CNS9 Jan 2014 06:52
"DDoS – Distributed Denial of Service – won recurrent headlines throughout 2013 and, said Burckmyer at Sage Data Security, “DDoS has become a perennial. “That is, do not assume this threat has passed because there has been quiet for a few months.
Burckmyer also stressed that there are more and more instances where DDoS is used to distract security staff while criminals busy themselves looting the institution via wire transfers and other staple cyber thefts.
Said Stephen Gates, chief security evangelist at Corero Network Security, a maker of anti-DDoS weapons, “There are a lot of players in the field, and the tools (to perform DDoS) are so easy to use and so widely available. They are very effective. And the attacks work. That is why DDoS is not going away.”
Gates recounted the 2013 DDoS history where, initially, the big attacks were so-called volumetric attacks, meaning the perpetrators sought to drown a target with a tidal wave of meaningless data.
Various defense companies quickly developed techniques to ward off these attacks and, poof, the DDoS attackers shifted format and unleashed application layer attacks that in effect let the victim computers wear themselves out dealing with nonsensical requests (password reset requests for non-members, for instance). Those attacks necessitated yet other kinds of defenses.

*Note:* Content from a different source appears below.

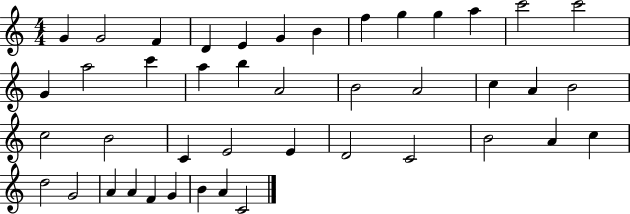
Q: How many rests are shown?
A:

In all probability, DDoS attackers are already working up newer attack vectors to unleash as defenses for present attacks tighten. In 2014, every institution needs a DDoS response plan, Gates said, and it should define action steps in the event of an attack.
Be the attacker an employee with a grudge, an unhappy member, a hacktivist group, or a criminal cartel, they all are using DDoS now, and that's why every credit union needs to know what it will do when attacked."